[ PDB file ] [ PubMed link ]

The (ßa)8 barrel is one of the most common protein folds and it is thought it was one of the very first protein folds to emerge. Our collaborator Wayne Patrick previously isolated a three-quarter barrel that is soluble and almost as thermostable as full-length protein (PRAI). Our NMR structure of this three-quarter barrel shows that, despite missing a quarter of the normal foled, the subdomain is monomeric, well ordered and adopts a native-like structure in solution. These proteins - they're crazy...

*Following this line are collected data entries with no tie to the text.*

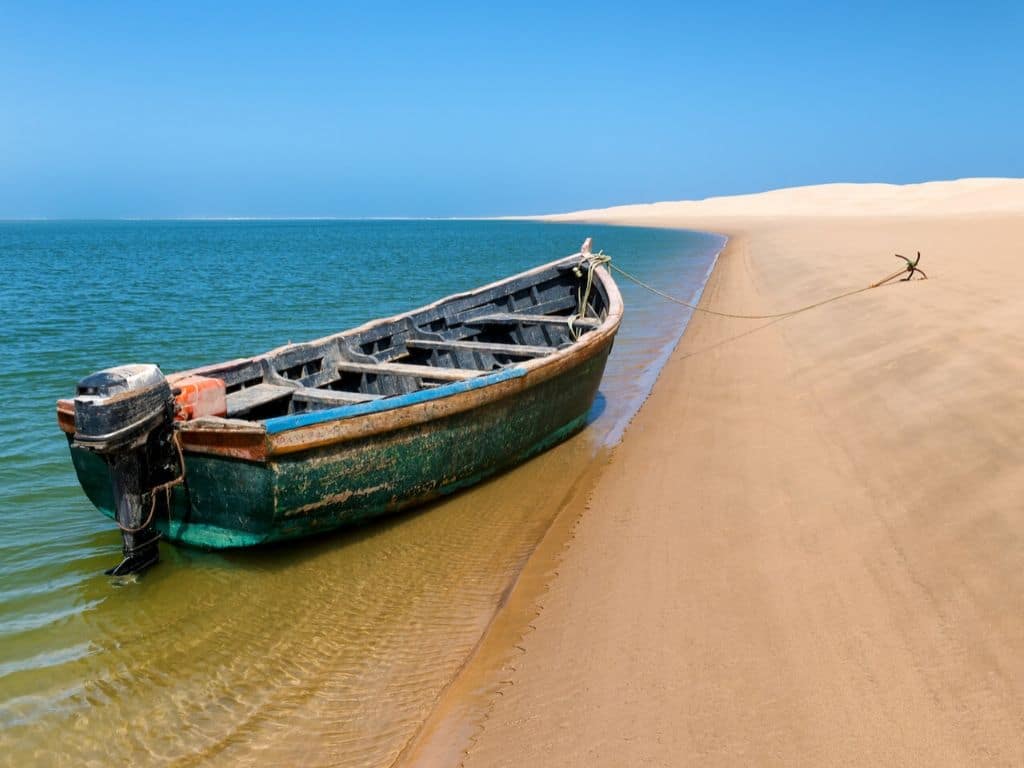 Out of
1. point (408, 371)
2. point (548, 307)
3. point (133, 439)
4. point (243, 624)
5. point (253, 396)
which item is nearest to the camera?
point (133, 439)

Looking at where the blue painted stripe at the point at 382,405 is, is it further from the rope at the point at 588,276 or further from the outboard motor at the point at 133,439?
the rope at the point at 588,276

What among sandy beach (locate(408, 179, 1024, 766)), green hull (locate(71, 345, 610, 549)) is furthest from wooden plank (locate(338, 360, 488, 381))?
sandy beach (locate(408, 179, 1024, 766))

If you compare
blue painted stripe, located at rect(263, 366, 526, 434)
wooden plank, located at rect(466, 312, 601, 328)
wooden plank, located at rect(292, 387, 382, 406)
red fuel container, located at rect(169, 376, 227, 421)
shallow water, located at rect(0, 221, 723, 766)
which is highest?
red fuel container, located at rect(169, 376, 227, 421)

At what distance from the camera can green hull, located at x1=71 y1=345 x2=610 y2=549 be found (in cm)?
423

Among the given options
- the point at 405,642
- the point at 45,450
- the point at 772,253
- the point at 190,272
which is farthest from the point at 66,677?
the point at 190,272

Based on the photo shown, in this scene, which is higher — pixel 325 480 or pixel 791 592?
pixel 325 480

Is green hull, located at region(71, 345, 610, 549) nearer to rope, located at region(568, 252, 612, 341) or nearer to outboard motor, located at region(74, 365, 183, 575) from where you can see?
outboard motor, located at region(74, 365, 183, 575)

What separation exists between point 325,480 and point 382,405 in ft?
1.97

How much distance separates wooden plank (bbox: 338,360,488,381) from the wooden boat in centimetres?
2

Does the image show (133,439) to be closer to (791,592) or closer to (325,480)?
(325,480)

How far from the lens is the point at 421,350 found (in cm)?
786

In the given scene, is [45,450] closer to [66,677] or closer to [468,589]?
[66,677]

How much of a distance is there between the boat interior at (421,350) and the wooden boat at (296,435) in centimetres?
2

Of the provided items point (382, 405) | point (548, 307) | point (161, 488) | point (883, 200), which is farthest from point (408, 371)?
point (883, 200) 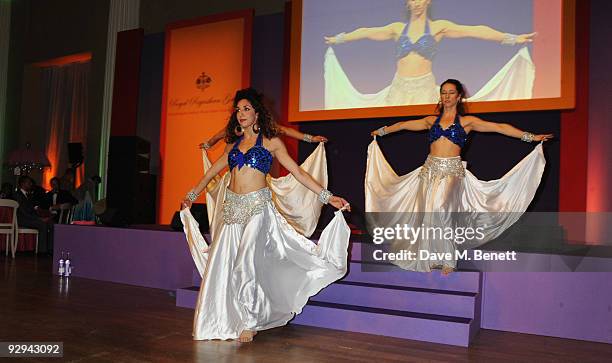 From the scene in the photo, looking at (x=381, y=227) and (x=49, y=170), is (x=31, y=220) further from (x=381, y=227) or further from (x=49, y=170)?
(x=381, y=227)

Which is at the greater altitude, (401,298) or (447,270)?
(447,270)

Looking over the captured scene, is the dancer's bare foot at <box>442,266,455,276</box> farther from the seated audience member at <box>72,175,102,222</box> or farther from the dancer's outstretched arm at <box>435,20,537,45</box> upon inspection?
the seated audience member at <box>72,175,102,222</box>

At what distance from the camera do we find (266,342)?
313 cm

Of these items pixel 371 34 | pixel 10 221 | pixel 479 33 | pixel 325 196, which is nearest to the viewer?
pixel 325 196

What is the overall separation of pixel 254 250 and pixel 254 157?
0.59m

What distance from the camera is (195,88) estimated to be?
7461 millimetres

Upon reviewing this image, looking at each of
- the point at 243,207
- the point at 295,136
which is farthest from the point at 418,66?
the point at 243,207

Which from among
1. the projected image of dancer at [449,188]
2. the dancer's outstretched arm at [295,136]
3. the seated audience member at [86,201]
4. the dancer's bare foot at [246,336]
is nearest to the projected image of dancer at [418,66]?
the projected image of dancer at [449,188]

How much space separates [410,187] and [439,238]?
702mm

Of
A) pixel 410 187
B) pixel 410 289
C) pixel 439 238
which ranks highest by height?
pixel 410 187

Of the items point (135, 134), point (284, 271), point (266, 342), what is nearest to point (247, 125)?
point (284, 271)

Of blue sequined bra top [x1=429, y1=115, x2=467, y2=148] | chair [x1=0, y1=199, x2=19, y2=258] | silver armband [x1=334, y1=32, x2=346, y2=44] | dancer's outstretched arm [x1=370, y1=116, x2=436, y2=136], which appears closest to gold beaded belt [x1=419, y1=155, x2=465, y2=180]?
blue sequined bra top [x1=429, y1=115, x2=467, y2=148]

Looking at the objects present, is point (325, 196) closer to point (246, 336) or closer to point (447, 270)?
point (246, 336)

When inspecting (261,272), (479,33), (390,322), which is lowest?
(390,322) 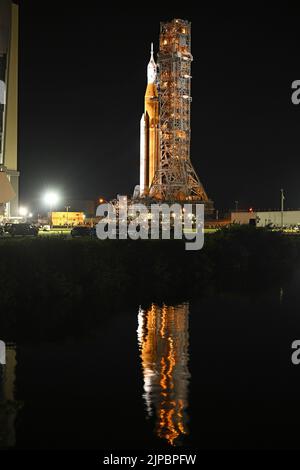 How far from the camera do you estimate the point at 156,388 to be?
15367mm

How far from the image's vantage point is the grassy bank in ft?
79.6

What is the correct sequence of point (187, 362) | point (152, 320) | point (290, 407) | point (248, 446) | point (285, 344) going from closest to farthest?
point (248, 446)
point (290, 407)
point (187, 362)
point (285, 344)
point (152, 320)

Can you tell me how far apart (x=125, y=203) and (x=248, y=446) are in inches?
2785

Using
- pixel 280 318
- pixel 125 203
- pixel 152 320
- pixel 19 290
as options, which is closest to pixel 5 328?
pixel 19 290

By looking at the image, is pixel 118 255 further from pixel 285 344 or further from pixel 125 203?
pixel 125 203

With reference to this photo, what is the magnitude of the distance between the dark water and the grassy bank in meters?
2.60

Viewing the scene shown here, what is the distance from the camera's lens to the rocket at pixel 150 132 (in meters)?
84.4

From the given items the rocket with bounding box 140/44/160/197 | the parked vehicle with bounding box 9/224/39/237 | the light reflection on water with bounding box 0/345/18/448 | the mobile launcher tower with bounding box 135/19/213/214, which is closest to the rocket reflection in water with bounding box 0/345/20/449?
the light reflection on water with bounding box 0/345/18/448

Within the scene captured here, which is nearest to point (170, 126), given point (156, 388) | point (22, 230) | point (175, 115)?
point (175, 115)

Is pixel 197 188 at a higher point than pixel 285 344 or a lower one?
higher

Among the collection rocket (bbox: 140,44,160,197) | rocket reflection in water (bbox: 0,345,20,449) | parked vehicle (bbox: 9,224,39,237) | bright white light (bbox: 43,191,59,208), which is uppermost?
rocket (bbox: 140,44,160,197)

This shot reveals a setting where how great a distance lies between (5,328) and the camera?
21.5m

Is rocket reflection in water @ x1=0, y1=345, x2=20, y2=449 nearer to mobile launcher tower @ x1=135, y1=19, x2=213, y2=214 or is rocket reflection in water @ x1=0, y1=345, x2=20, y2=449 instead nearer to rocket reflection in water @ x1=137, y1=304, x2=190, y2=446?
rocket reflection in water @ x1=137, y1=304, x2=190, y2=446

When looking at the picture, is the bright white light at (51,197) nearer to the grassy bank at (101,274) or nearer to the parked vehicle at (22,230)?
the parked vehicle at (22,230) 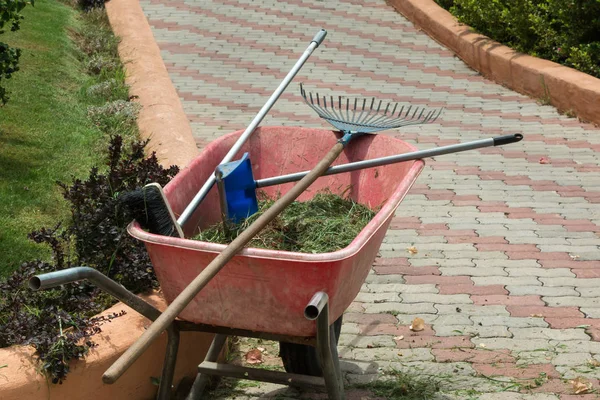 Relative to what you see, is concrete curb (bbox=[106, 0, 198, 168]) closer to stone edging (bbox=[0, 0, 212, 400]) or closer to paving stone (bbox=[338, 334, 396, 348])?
stone edging (bbox=[0, 0, 212, 400])

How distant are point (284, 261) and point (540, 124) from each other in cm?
577

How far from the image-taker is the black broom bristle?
327 centimetres

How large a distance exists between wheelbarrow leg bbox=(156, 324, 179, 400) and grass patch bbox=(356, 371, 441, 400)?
0.98 m

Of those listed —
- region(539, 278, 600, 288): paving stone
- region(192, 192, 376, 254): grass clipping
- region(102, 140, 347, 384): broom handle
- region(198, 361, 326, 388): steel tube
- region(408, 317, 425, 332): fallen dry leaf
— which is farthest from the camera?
region(539, 278, 600, 288): paving stone

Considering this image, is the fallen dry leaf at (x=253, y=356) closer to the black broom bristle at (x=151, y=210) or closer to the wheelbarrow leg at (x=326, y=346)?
the wheelbarrow leg at (x=326, y=346)

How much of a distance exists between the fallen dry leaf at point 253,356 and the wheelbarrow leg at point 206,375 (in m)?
0.41

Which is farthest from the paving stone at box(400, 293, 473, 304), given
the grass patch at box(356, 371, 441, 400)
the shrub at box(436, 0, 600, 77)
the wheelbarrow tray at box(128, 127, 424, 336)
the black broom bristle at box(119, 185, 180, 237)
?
the shrub at box(436, 0, 600, 77)

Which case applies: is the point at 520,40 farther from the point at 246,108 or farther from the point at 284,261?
the point at 284,261

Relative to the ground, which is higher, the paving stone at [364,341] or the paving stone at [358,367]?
the paving stone at [358,367]

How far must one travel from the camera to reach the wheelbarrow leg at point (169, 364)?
3.39m

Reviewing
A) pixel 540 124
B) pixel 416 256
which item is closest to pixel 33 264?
pixel 416 256

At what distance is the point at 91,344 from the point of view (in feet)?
11.5

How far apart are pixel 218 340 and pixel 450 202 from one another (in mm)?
3050

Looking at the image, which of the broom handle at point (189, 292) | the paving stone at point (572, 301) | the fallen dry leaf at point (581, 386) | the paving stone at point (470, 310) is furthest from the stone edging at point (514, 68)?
the broom handle at point (189, 292) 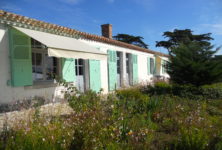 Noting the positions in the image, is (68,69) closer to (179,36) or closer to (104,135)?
(104,135)

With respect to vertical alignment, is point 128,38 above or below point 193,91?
above

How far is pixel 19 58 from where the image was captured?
24.7ft

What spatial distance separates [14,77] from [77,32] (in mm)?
4555

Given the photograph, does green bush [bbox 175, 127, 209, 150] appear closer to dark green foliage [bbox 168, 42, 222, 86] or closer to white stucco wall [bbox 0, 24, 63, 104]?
white stucco wall [bbox 0, 24, 63, 104]

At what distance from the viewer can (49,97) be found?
909 cm

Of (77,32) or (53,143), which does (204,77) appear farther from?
(53,143)

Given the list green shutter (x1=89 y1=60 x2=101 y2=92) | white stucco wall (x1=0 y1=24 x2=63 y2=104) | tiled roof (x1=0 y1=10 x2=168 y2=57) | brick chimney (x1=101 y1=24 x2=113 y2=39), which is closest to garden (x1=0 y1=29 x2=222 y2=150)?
white stucco wall (x1=0 y1=24 x2=63 y2=104)

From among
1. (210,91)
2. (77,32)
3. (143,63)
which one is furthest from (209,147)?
(143,63)

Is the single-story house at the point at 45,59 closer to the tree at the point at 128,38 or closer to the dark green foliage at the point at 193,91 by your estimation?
the dark green foliage at the point at 193,91

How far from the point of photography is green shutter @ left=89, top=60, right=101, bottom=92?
1157 cm

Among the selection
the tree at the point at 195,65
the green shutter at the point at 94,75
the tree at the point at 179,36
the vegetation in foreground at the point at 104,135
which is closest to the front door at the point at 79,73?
the green shutter at the point at 94,75

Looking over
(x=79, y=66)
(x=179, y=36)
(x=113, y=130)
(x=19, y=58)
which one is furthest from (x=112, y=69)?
(x=179, y=36)

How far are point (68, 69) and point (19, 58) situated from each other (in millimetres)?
2839

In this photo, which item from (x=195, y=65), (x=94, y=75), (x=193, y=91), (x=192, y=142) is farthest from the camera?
(x=94, y=75) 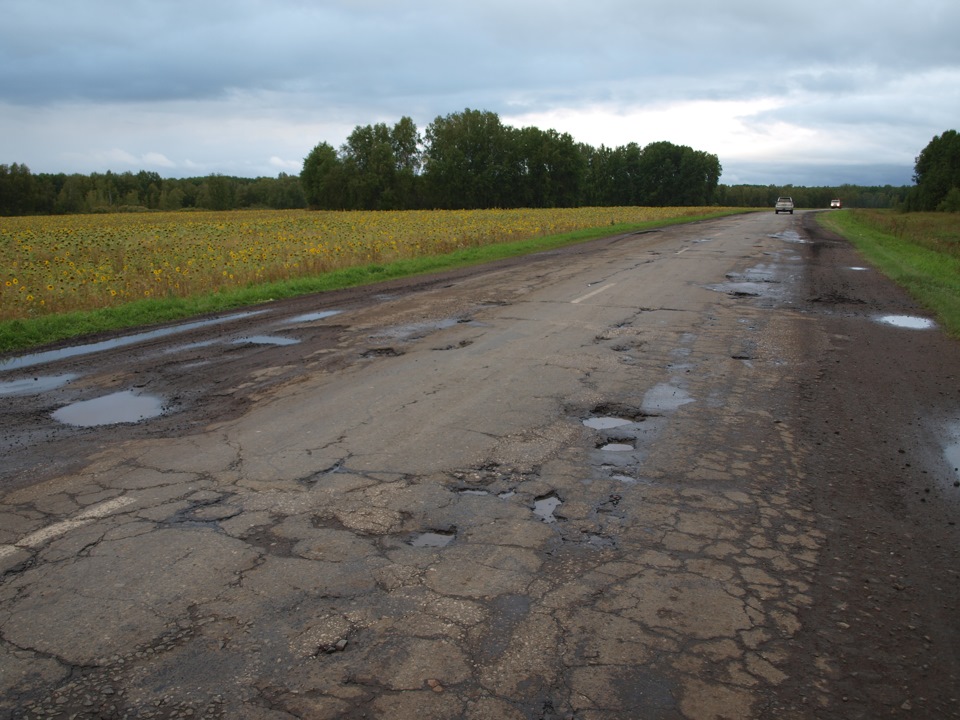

[ PDB file ] [ PubMed link ]

It has been known for some time that the sidechains of several lysine residues in the transcription factor GATA1 can be modified by acetylation, but the function of these modifications has not been so clear. Our collaborator Gerd Blobel from the Children's Hospital in Philadelphia has shown that, although acetylation doesn't reduce the in vitro binding of GATA1 to DNA, acetylation of these lysines is essential for the localization of GATA1 to a chromatinized template. He more recently showed that acetylated GATA1 is recognized by Brd3. Together with Gerd, we have shown that the Brd3 bromodomain recognized a *doubly* acetylated GATA1 motif, and we have determined the structure of Brd3-bromodomain 1 bound to a GATA1 peptide containing two acetyllysine residues.

[ PDB file ] [ PubMed link ]

All GATA1-activated genes are co-occupied by LMO2, LDB1 and a number of other proteins. Here, we have used a range of NMR and mutagenesis data to create a model of the complex formed by LMO2, LDB1 and the GATA1 N-finger. Surprisingly, the model suggests that GATA1 N-finger will also be able to contact FOG1 at the same time as LMO2 and gives us more insight into the molecular details surrounding gene activation by multi-protein transcriptional assemblies.

[ PDB file ] [ PubMed link ]

All GATA1-activated genes are co-occupied by LMO2, LDB1 and a number of other proteins. As part of a project to understand how these proteins come together at such gene promoters, we have determined the solution structure of the C-terminal LIM domain of LMO2 bound to its cognate target peptide in ldb1. This domain is able to bind to the N-terminal zinc finger of GATA1 - and we have used NMR data to build a model of this complex (see above!).

[ PDB file ] [ PubMed link ]

Pathogens must steal iron from their hosts to establish infection. In mammals, hemoglobin (Hb) represents the largest reservoir of iron, and pathogens express Hb-binding proteins to access this source. Here, we show how one of the commonest and most significant human pathogens, Staphylococcus aureus, captures Hb as the first step of an iron-scavenging pathway. The x-ray crystal structure of Hb bound to a domain from the Isd (iron-regulated surface determinant) protein, IsdH, is the first structure of a Hb capture complex to be determined. Surface mutations in Hb that reduce binding to the Hb-receptor limit the capacity of S. aureus to utilize Hb as an iron source, suggesting that Hb sequence is a factor in host susceptibility to infection. The demonstration that pathogens make highly specific recognition complexes with Hb raises the possibility of developing inhibitors of Hb binding as antibacterial agents.